Über Luxus nachdenken zu können, ist ein tolles Privileg.
Text: Michel Bloch
Exzellenz als Leitmotiv
Luxus ist mehr als Markenprestige. Wahrer Luxus zeichnet sich durch ein ständiges Streben nach Perfektion bis ins kleinste Detail aus. Nehmen wir an, Sie bestellen sich einen Tee in der Bar eines schönen Hotels. Der Luxus beginnt mit der zur Verfügung stehenden Auswahl (schwarze, grüne und weisse Teesorten) und der Fähigkeit des Kellners, Sie wie ein Sommelier für Wein zu beraten. Natürlich erwarten Sie, dass das edle Aufgussgetränk mit der richtigen Temperatur serviert wird. Bei 90 Grad heissem Wasser verbrennen die zarten Blätter des Grüntees. Werden für den gewünschten Schwarztee einfach 50 g Teeblätter in das Kännchen gegeben (schliesslich bezahlt der Kunde ja einiges dafür …), wird das Ergebnis ungeniessbar sein. Kredenzt wird Ihr Tee mit Biskuits und Schokolade. Aber bitte nicht mit einer Mini-Schokolade von Standardqualität, sei es Milch- oder dunkle Schokolade, die Ihnen, ohne sich für Ihre Präferenzen zu interessieren, hingelegt wird. Auch ein Biskuit vom Typ «Hundeleckerli» wäre ein Frevel (unsere vierbeinigen Freunde haben übrigens auch Besseres verdient …). Luxus zeigt sich in der Qualität eines Service, der von professionellem, bestens ausgebildetem Personal erbracht wird, das mit Freude bei der Sache und bestrebt ist, Ihre Bedürfnisse und Erwartungen herauszufinden oder gar vorwegzunehmen. Über den Preis allein ist die Welt des Luxus nicht zugänglich.

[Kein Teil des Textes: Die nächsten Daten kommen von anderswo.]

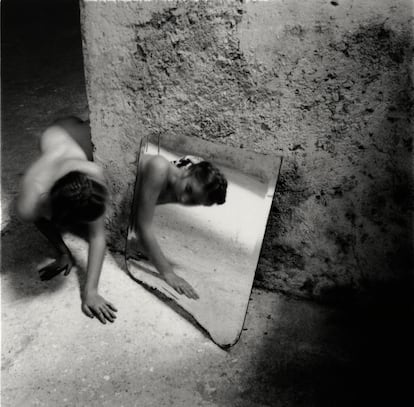 Francesca Woodman aparece y desaparece y busca el reflejo de los espejos para jugar con el rostro y las sombras.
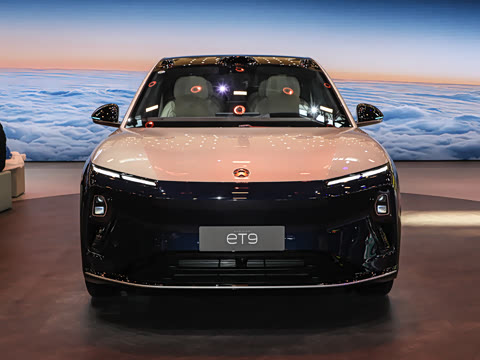 2025�� 102kWh ��ƽ���ر��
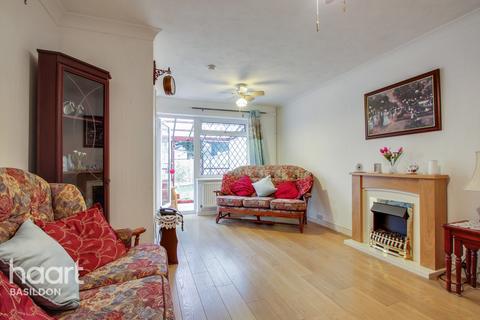7a Basildon Drive, Basildon, SS15 5QN
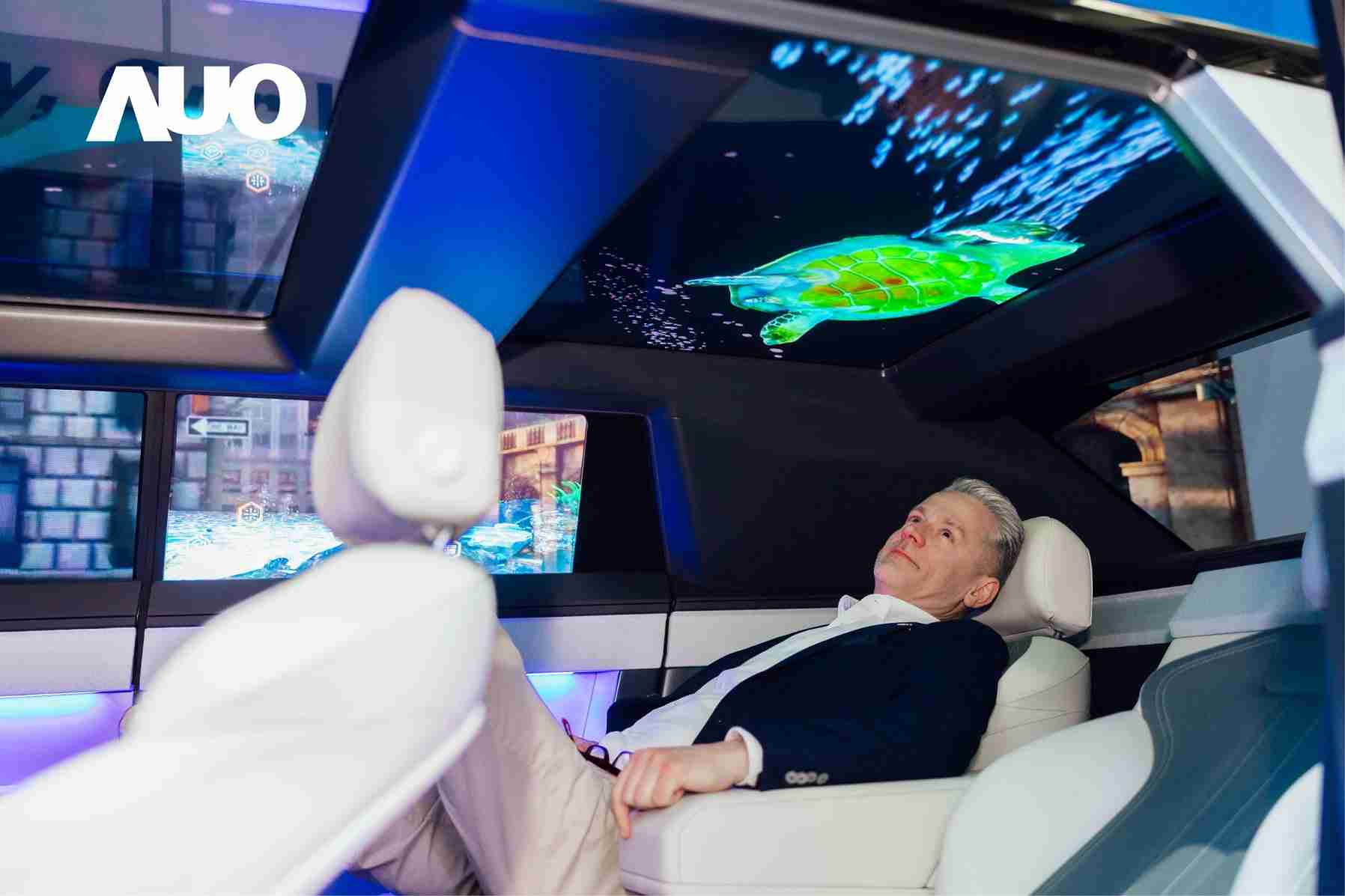 人生就是博Smart Cockpit 2025集Micro LED透明、、大型化、、可挠优势之大成，，，，携手BHTC打造未来视界的车用Display HMI解决方案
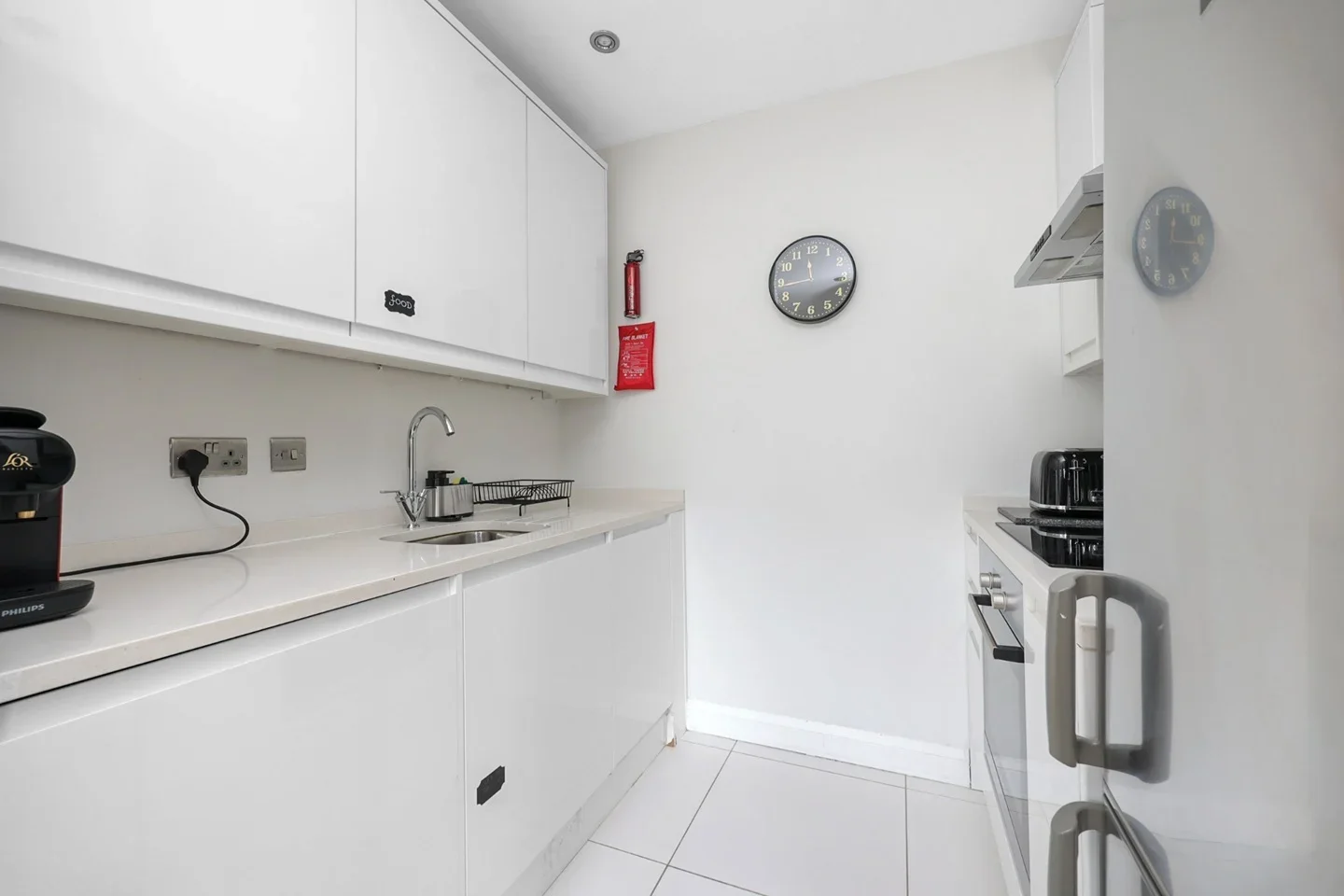 Flat Hanbury Street in Greater London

Neuinterpretation von Luxus
Einige Modelle bedürfen einer Erneuerung oder zumindest einer «Entstaubung». Der Verfasser dieses Artikels hat kürzlich in einem bekannten Restaurant gegessen. Dabei erwies sich das ausgewählte sogenannte «Signature-Gericht» als echte «Fälschung», so mittelmässig war es. Und der recht geltungsbedürftig und versnobter als die versnobtesten seiner Kunden auftretende Kellner erklärte, dass die Teller vom Küchenchef angerichtet und dekoriert worden seien (der sich besser auf den Inhalt konzentriert hätte) und das (fast rohe) Gemüse aus dem Gemüsegarten des Küchenchefs stamme (was man nicht so recht glauben mochte). Alles war irgendwie vom Küchenchef … Als Gast hätte ich mir jedoch gewünscht, man hätte über mich und meine geschmacklichen Vorlieben und nicht so viel über den Küchenchef gesprochen. Noch dazu wäre vom reduzierten Tellerinhalt – von besagtem Küchenchef nach Art der Nouvelle Cuisine von vor 30 Jahren zubereitet – nicht einmal ein Kleinkind satt geworden. Allein der Preis war nicht reduziert! Das «neu interpretierte» Dessert war schliesslich so peinlich, dass wir gar nicht darüber sprechen möchten. Wahrscheinlich war schon die erste Interpretation nicht der Rede wert! Luxus, und zwar wahrer Luxus, bietet schöne, nahezu perfekte Erlebnisse, die lange in Erinnerung bleiben.